Gold Slips on Strong Labor Data
Simon Constable
03/09/07 - 12:10 PM EST
Robust employment data and brighter-than-predicted trade figures boosted the dollar Friday, sending gold lower, eliminating the metal's early gains.
Contracts for April delivery of bullion were slipping $4.10 to $651.40 an ounce on the Comex division of the New York Mercantile Exchange. Earlier in the session prices lifted as high as $659.80 before reversing. The exchange-traded funds that hold stores of the metal,
iShares Comex Gold Trust (IAU) and
streetTracks Gold Shares(GLD), were up a slight 0.1% and 0.2%, respectively.
At 8.30 a.m. EST the Labor Department reported lower-than-expected unemployment figures and a higher-than-expected increase in hourly earnings for February. At the same time the Commerce Department published numbers showing a smaller-than-expected trade deficit in January.
"The headline [unemployment] number was dollar strong, because it came in stronger than expected and was resilient in the face of adverse weather in February," says Ellen Beeson Zentner, a macro economist at the Bank of Tokyo-Mitsubishi-UFJ in New York.
The healthy economic news will keep pressure on the
Federal Reserve to keep a lid on inflation and leave interest rates higher for longer and so keep the dollar attractive relative to other currencies.
As if on cue, the greenback strengthened after the new economic data, and so hurt gold prices, which tend to move in the opposite direction to that of the U.S. currency. One dollar was recently buying 118.07 yen, up from 117.04 yen late Thursday. The euro was buying $1.3114, down from $1.3133 previously.
In the futures market, at least one observer noted the absence of investment buying in recent activity and pointed to daytrading activity as the major force for the session.
"The get-me-out-for-the-weekend crowd is dominant in the pit," says George Gero, vice president of futures sales at RBC Capital Markets in New York. Expect longer-term investment demand to kick in on major price dips, he adds.
Elsewhere in economics, the Manhattan-based Economic Cycle Research Institute reported declines in its future inflation gauge indices in February for the U.S., the eurozone and the U.K. The FIG measures a decline in factors that cause a rising price level. Bucking the trend were increases in the FIG's for Canada and Korea.

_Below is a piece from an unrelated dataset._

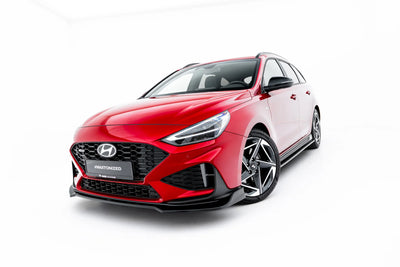 Front Diffusor V.3 Hyundai I30 N / N-Line Wagon Mk3 Facelift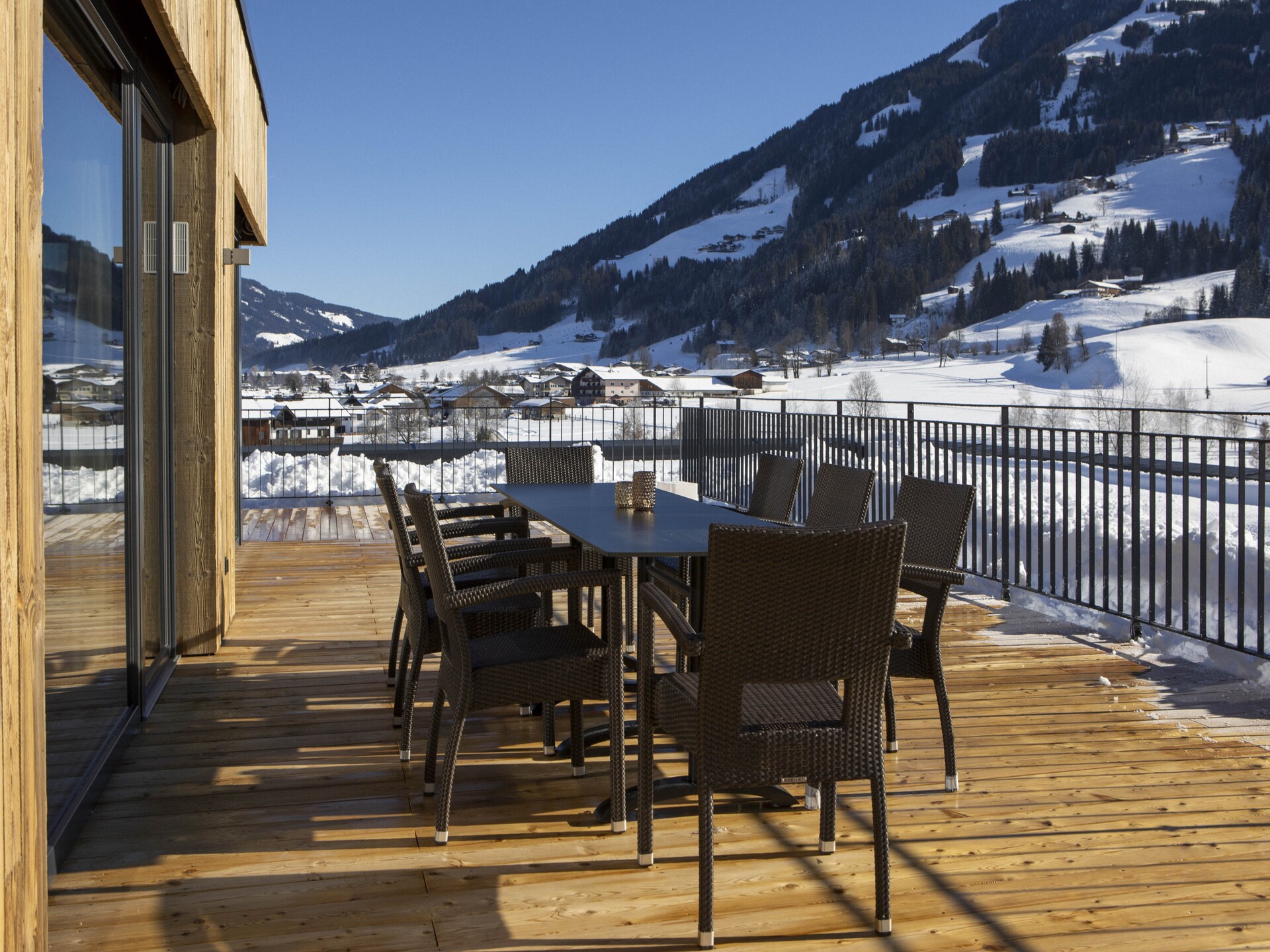 Exclusief penthouse in Westendorf met 170 m² panoramabalkon en wellness - foto 32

ECRI also reported a 3.2% rise in its weekly leading index, marking the 20th consecutive uptick in the indicator, which portends favorable business activity in the months to come.
The data will not please the gold bulls, as the price of the metal tends to benefit from an economic malaise rather than the prospect of a soundly expanding U.S. economy and generally lower inflation in the months to come.
Turning to the mining patch, shares of
Newmont Mining(NEM) were slipping 0.6% while those of
Gold Fields(GFI) were ahead by 0.4%.
As for base metals copper contracts were off 3 cents at $2.80 a pound on the Comex with rising inventories in Shanghai said to be the main catalyst for the dip.